Task prompt: Output all of the data exactly as it appears, but leave out any pictures it contains.

Given information:
================

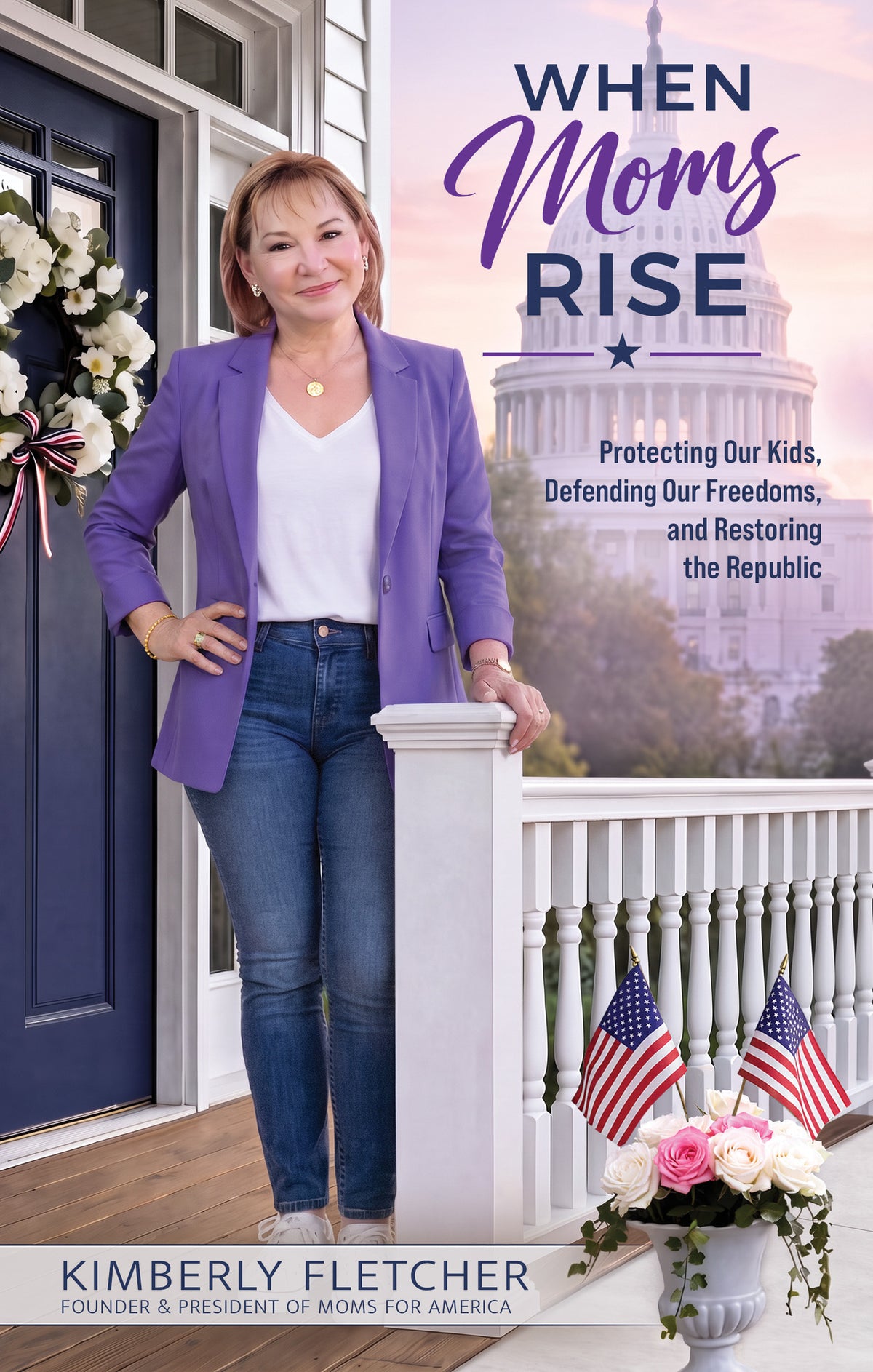 Cover image for When Moms Rise ISBN 9781636989785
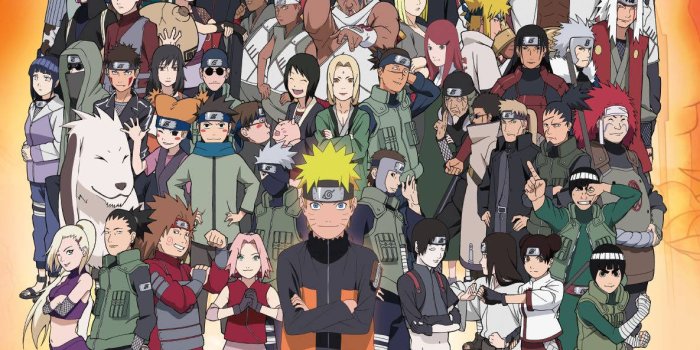 1185x1800 100+] Naruto Shippuden All Characters Wallpapers | Wallpapers.com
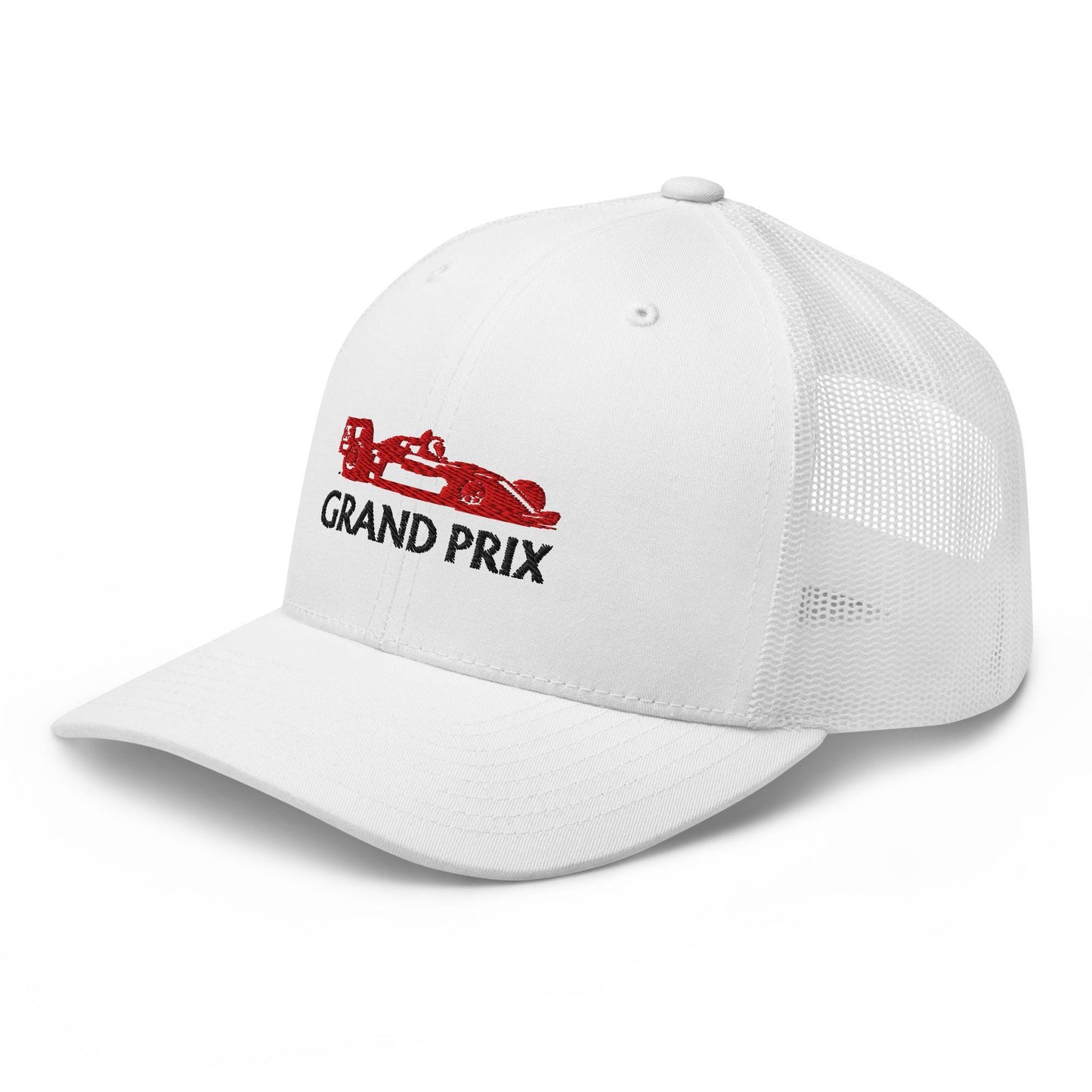 Formula 1 Grand Prix Snapback Hat - Formula 1 Hats, Formula One Gifts, Ferrari 1 Hats, F1 Accessories, Ferrari F1, F1 Hats, Charles Leclerc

================

Exercise answer:
 Cover image for When Moms Rise ISBN 9781636989785
 1185x1800 100+] Naruto Shippuden All Characters Wallpapers | Wallpapers.com
 Formula 1 Grand Prix Snapback Hat - Formula 1 Hats, Formula One Gifts, Ferrari 1 Hats, F1 Accessories, Ferrari F1, F1 Hats, Charles Leclerc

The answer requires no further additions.